Scalable Temporal Anomaly Causality Discovery in Large Systems: Achieving Computational Efficiency with Binary Anomaly Flag Data
This work addresses the computational and accuracy challenges of anomaly causality discovery for real-time diagnostics in large-scale systems like those at CERN, but it is incremental as it builds on existing causality learning methods.
The study tackled the problem of learning causal graphs from binary anomaly flag data in large systems, which is computationally expensive and challenged by data sparsity, by proposing the AnomalyCD framework. The results showed a considerable reduction in computation overhead and a moderate enhancement in accuracy on datasets from CERN and IT monitoring.

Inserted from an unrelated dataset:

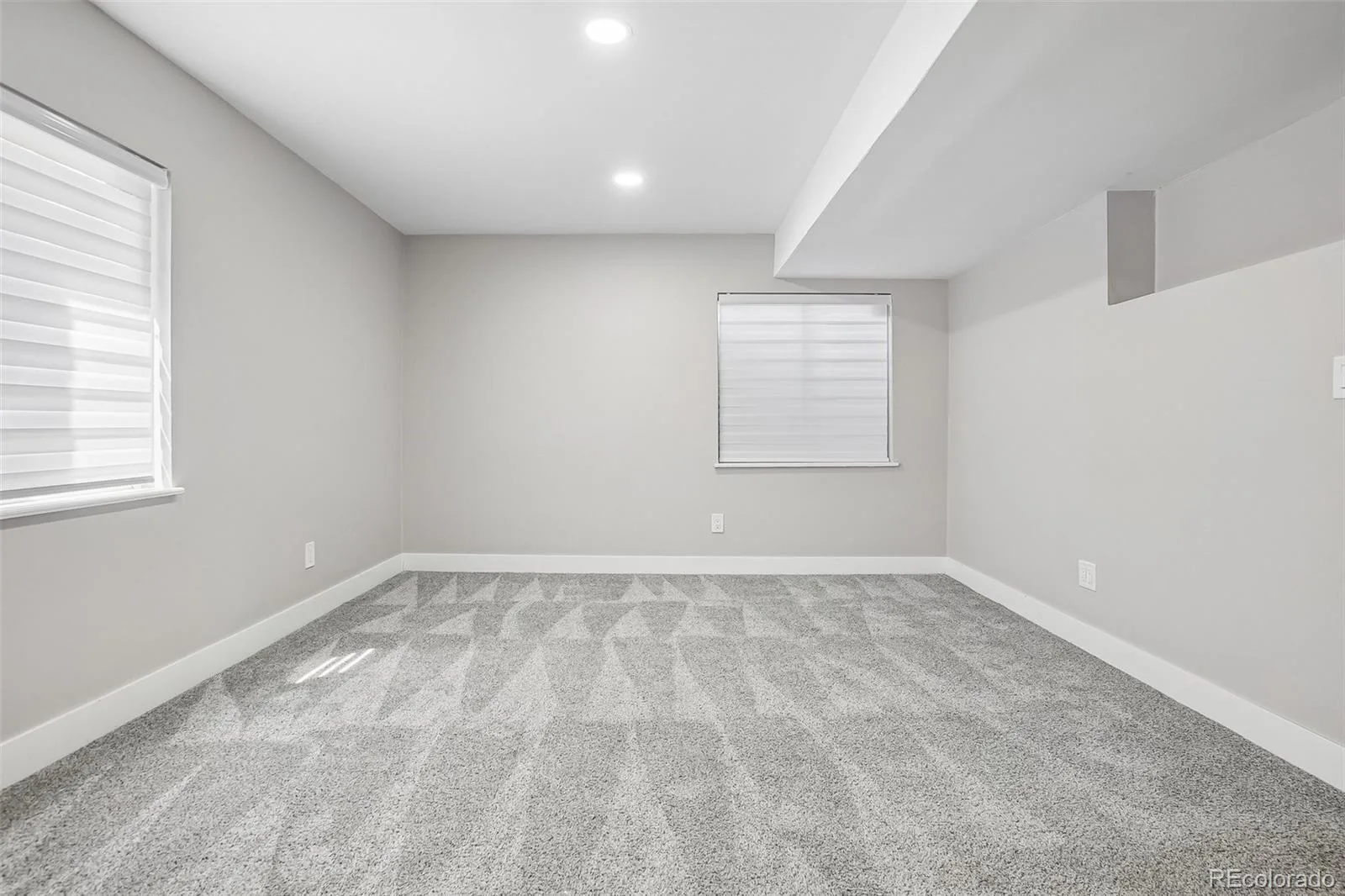 4561 Nepal Street Denver CO 80249 | MLS #REC6559809 08042026211552 1600 14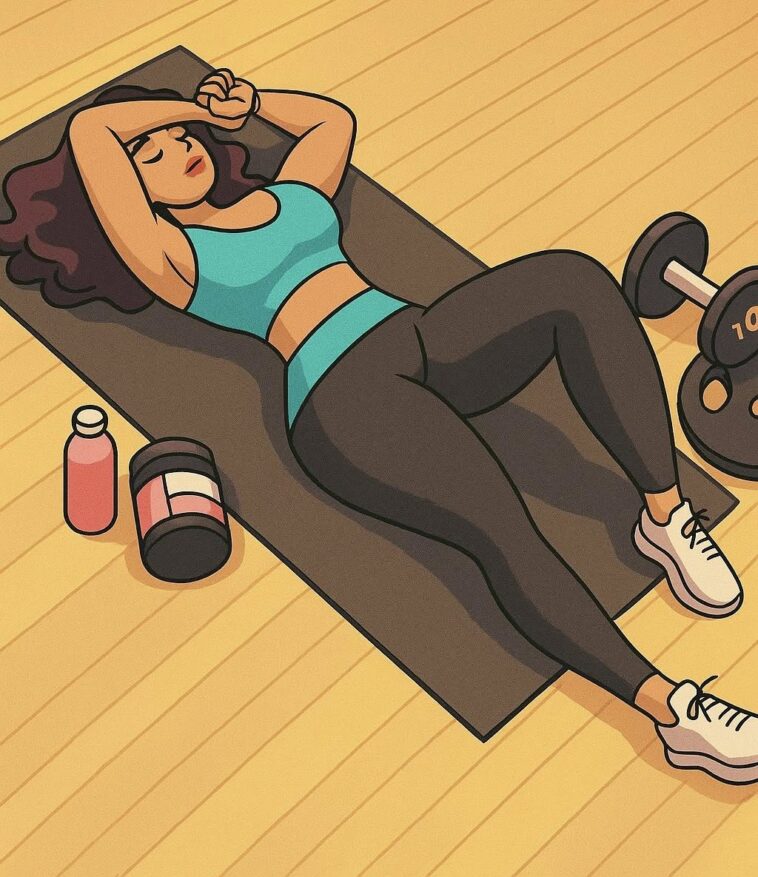 534723112_24361085106911762_6915441789923165689_n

Extracting anomaly causality facilitates diagnostics once monitoring systems detect system faults. Identifying anomaly causes in large systems involves investigating a more extensive set of monitoring variables across multiple subsystems. However, learning causal graphs comes with a significant computational burden that restrains the applicability of most existing methods in real-time and large-scale deployments. In addition, modern monitoring applications for large systems often generate large amounts of binary alarm flags, and the distinct characteristics of binary anomaly data -- the meaning of state transition and data sparsity -- challenge existing causality learning mechanisms. This study proposes an anomaly causal discovery approach (AnomalyCD), addressing the accuracy and computational challenges of generating causal graphs from binary flag data sets. The AnomalyCD framework presents several strategies, such as anomaly flag characteristics incorporating causality testing, sparse data and link compression, and edge pruning adjustment approaches. We validate the performance of this framework on two datasets: monitoring sensor data of the readout-box system of the Compact Muon Solenoid experiment at CERN, and a public data set for information technology monitoring. The results demonstrate the considerable reduction of the computation overhead and moderate enhancement of the accuracy of temporal causal discovery on binary anomaly data sets.